Scaling from 1 to 1,000 Agents: Lessons Learned

What we learned building infrastructure that scales from a single agent to thousands running concurrently.

By Padiso Team

When we started building Padiso, our first customer ran a single agent. Today, our largest deployment runs over a thousand concurrent agents. Here's what we learned along the way.


Lesson 1: Isolation Is Non-Negotiable


Every agent must run in complete isolation. Not just for security — for reliability. One misbehaving agent should never affect another. We use per-agent containers with strict resource limits, network isolation, and separate credential stores.

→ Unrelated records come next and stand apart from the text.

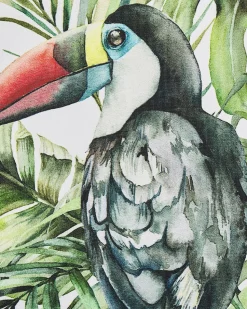 Conjunto De Cadeiras De Jardim Madeira Escura E 2 Lonas Creme E Padrao Tucano Cine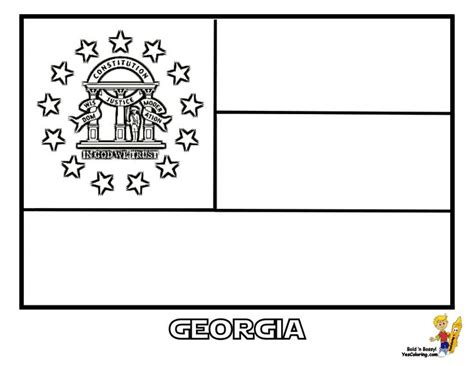 Alabama Flag Coloring Page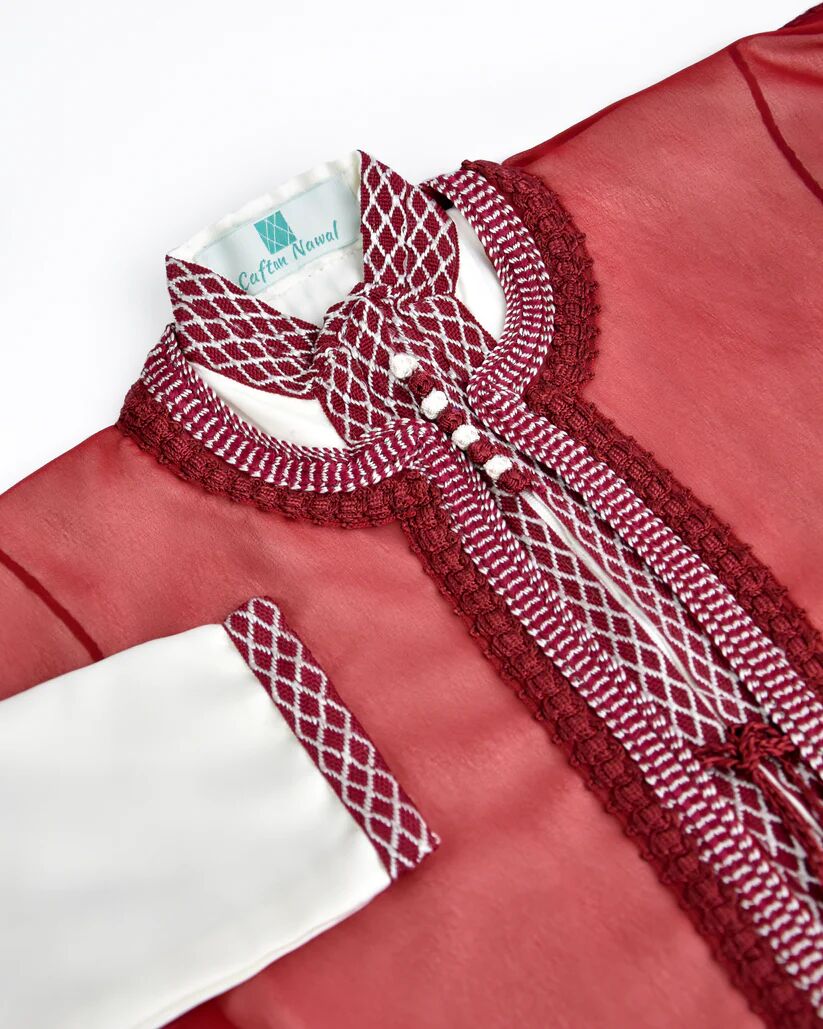 Jabador - Blanc Bordeaux pour Enfant thumbnail 3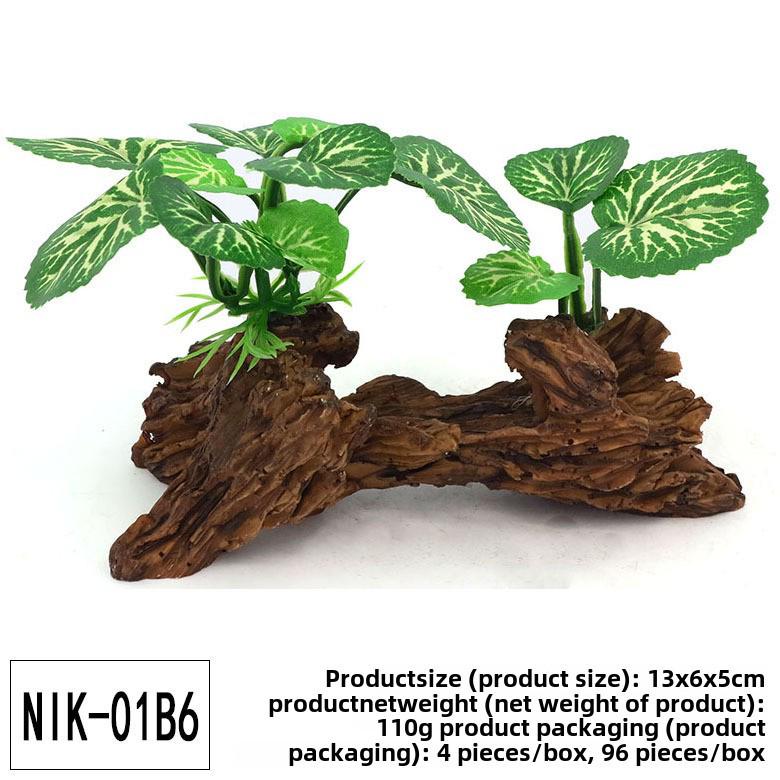 "Simulation Kunststoff Lotus & Wassergras Aquarium Dekoration"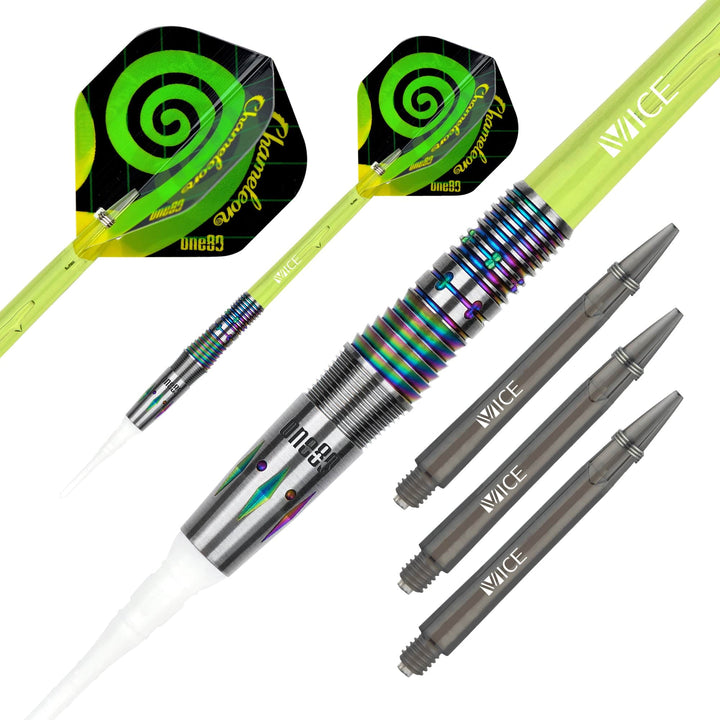 One80 Chameleon Darts - Soft Tip - Ruby - 19.5g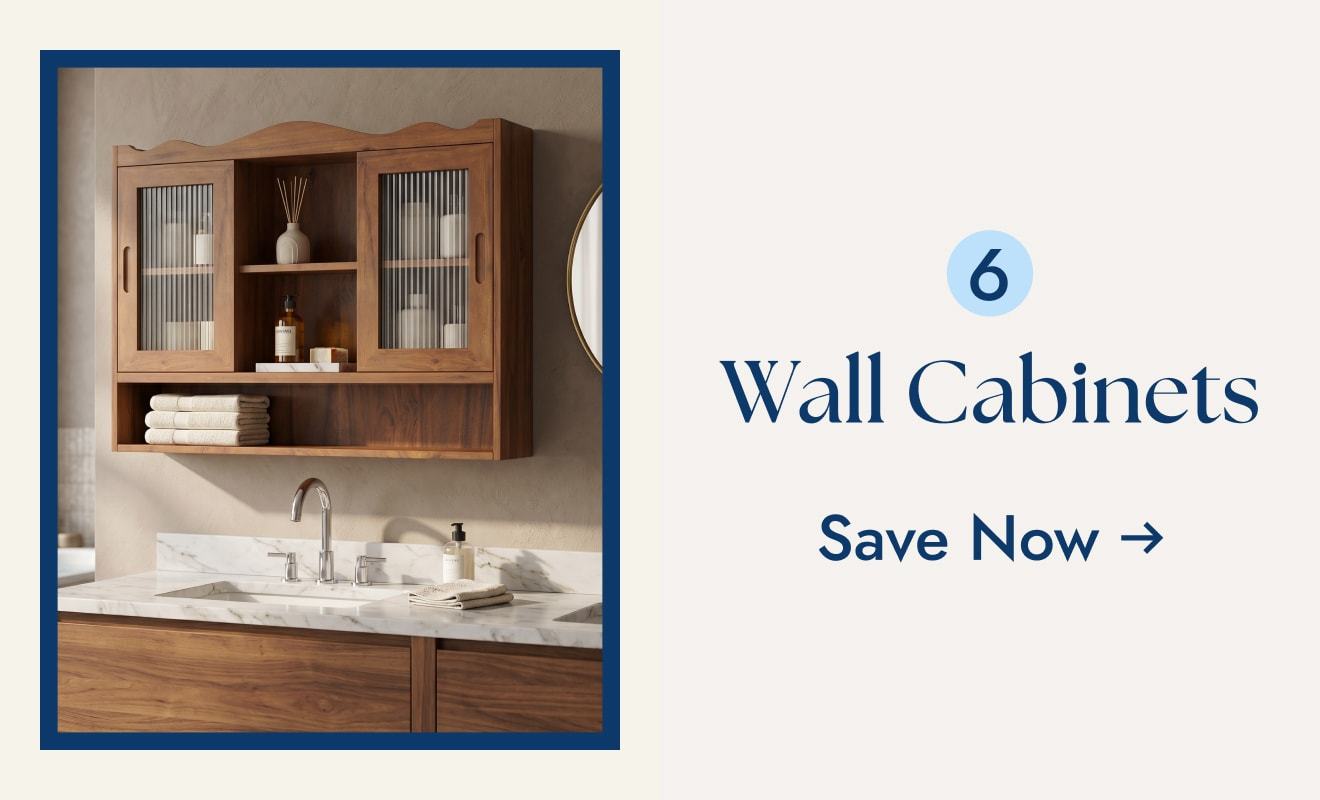 Save on Bathroom Wall Cabinets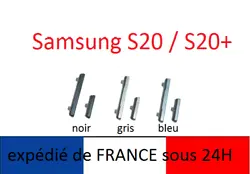 Pour Samsung Galaxy S20 / S20+. noir, gris ou bleu.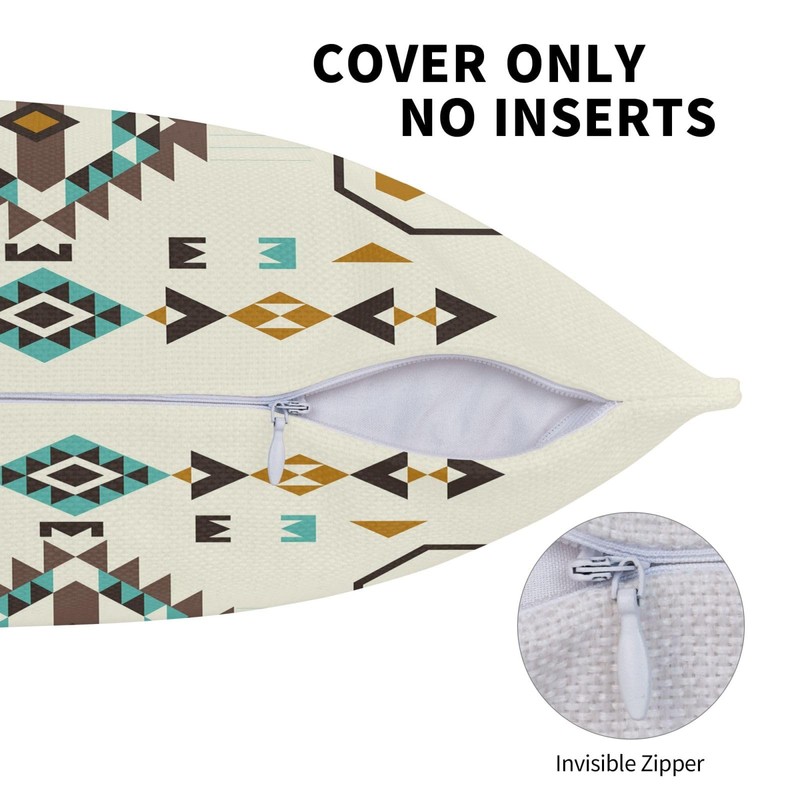Native American Pattern Throw Pillow Covers Vintage Aztec Style Couch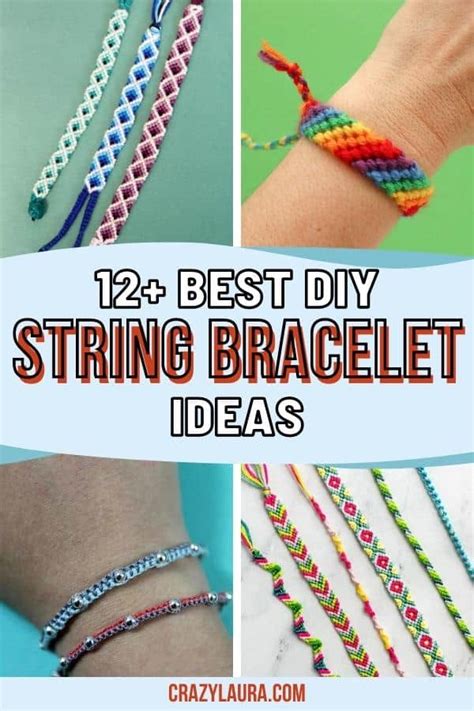 Homemade String Bracelets 的图像结果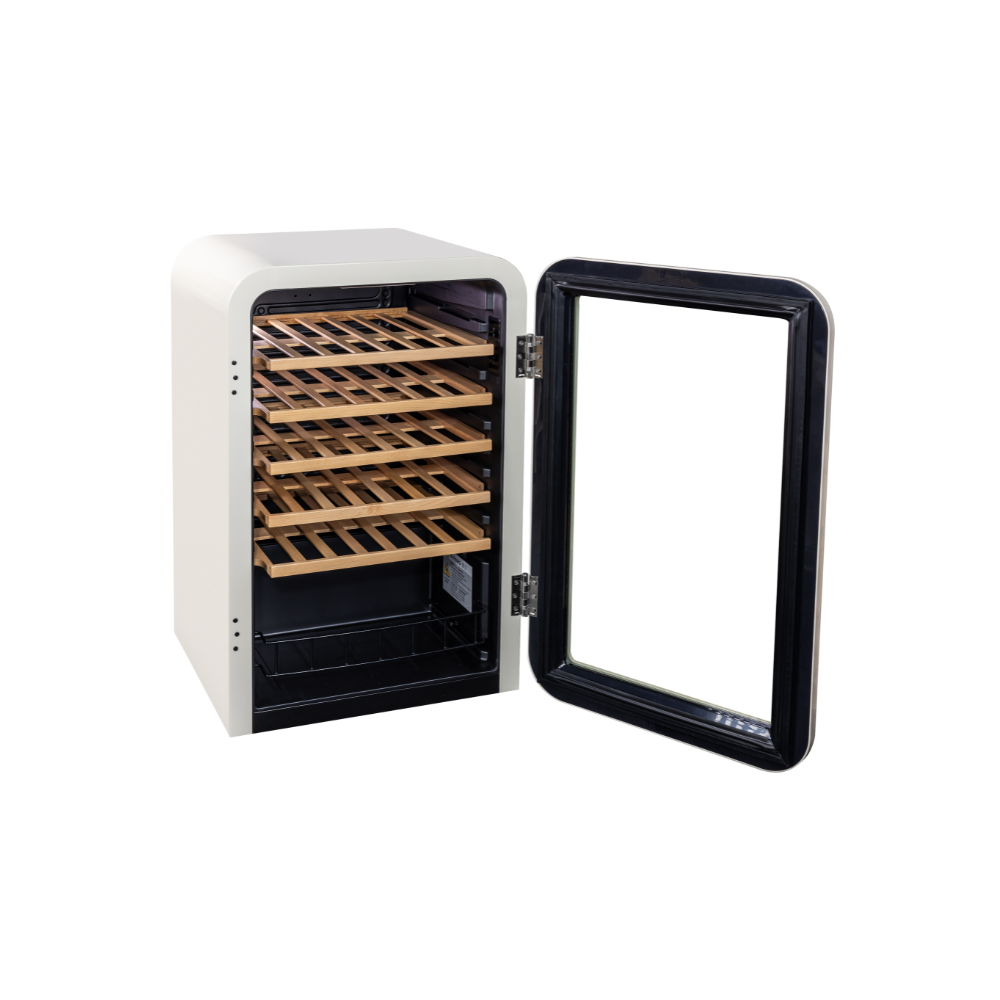 Chateau 46 Bottles Wine Cooler CW-P461CH Cream view 7
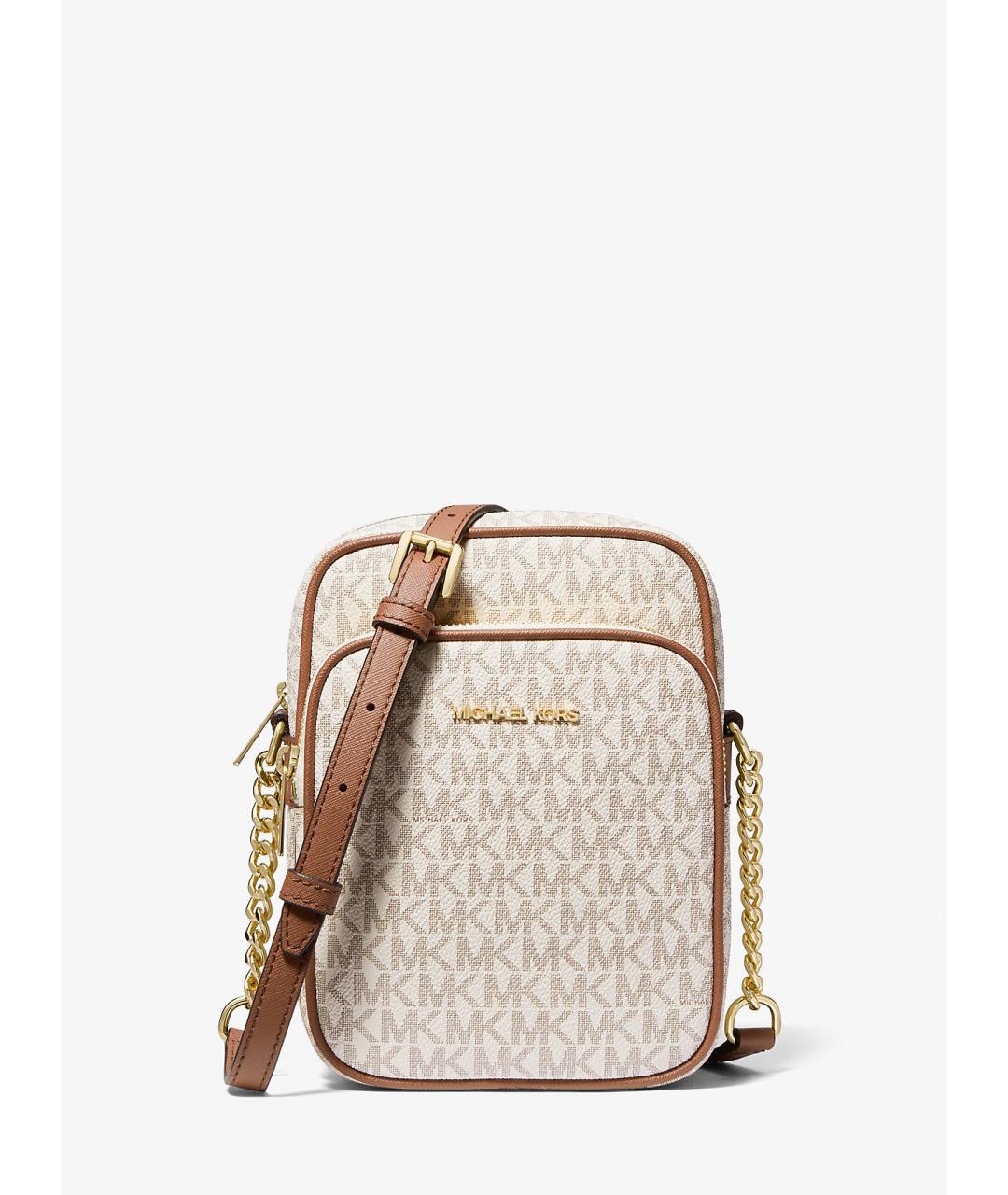 MICHAEL KORS Бежевая сумка через плечо из искусственной кожи, фото 1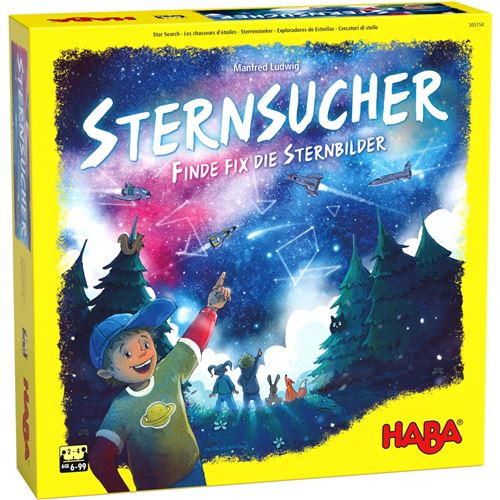 Haba jeu pour enfants (DUSterrenzoeker)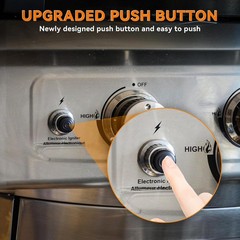 Only Fire Universal Push Button Igniter for Gas Grills – Durable & Efficient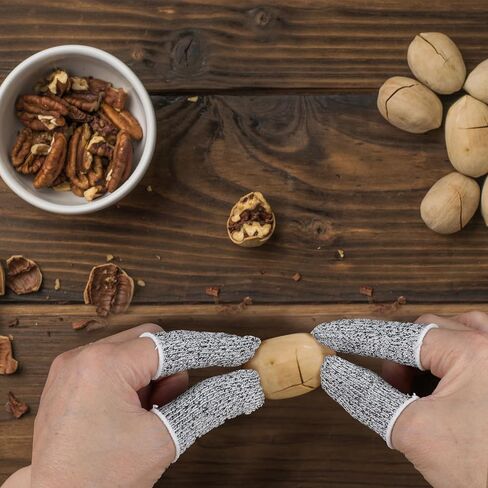 24pcs مقطوعة الأصابع المقاومة ، واقي إصبع القابل لإعادة الاستخدام الإبهام ، واقي ، واقي ، واقي إصبع مضاد للانزلاق ، حماة نحت أعمال المطبخ (رمادي) in Kuwait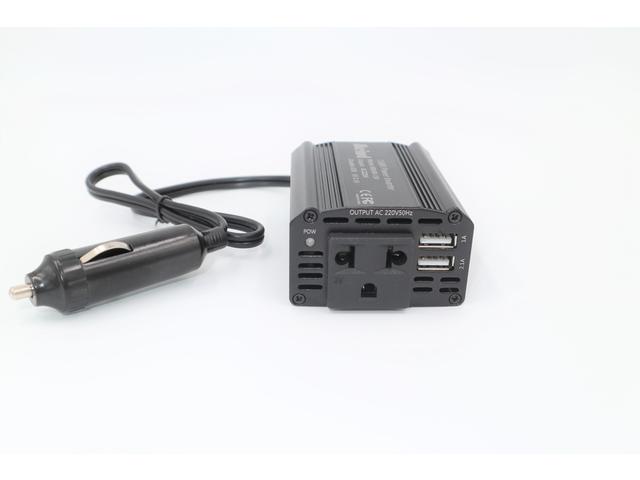 Invertor auto 150W 12V DC, cu incarcator auto dublu 3.1A USB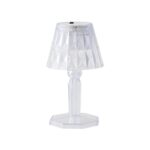 Crystal diamond cut LED table lamp with warm decorative light for home décor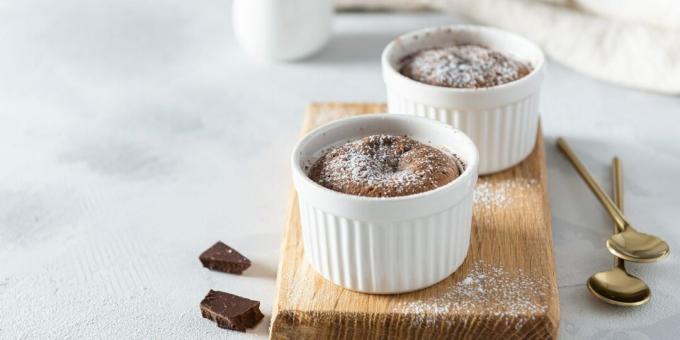 Suklaa soufflé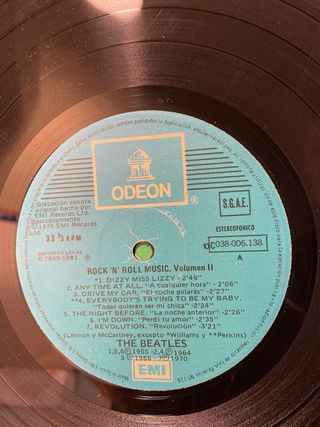 THE BEATLES - Rock 'n' Roll Music Vol. 2. Lp.NM/VG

Lesson 2: Not All Agents Are Equal


Some agents process one task per hour. Others handle hundreds per minute. A fixed resource allocation model doesn't work. We moved to dynamic scaling — each agent gets resources proportional to its workload, with automatic scale-up and scale-down.


Lesson 3: Integration Rate Limits Are the Real Bottleneck


Your agent might be fast, but the Slack API has rate limits. The GitHub API has rate limits. Every external service has limits. We built a centralized rate limit manager that coordinates across all agents, preventing any single agent from exhausting shared quotas.


Lesson 4: Observability at Scale Requires Structure


With 1,000 agents, you can't just read logs. We built structured telemetry from day one — every task, API call, and state change is a structured event. This lets us build dashboards, alerts, and debugging tools that actually work at scale.


Lesson 5: Graceful Degradation Over Hard Failures


Agents should degrade gracefully when dependencies fail. If Slack is down, queue the messages. If the database is slow, reduce batch sizes. We built circuit breakers and fallback strategies into the platform so agents stay resilient.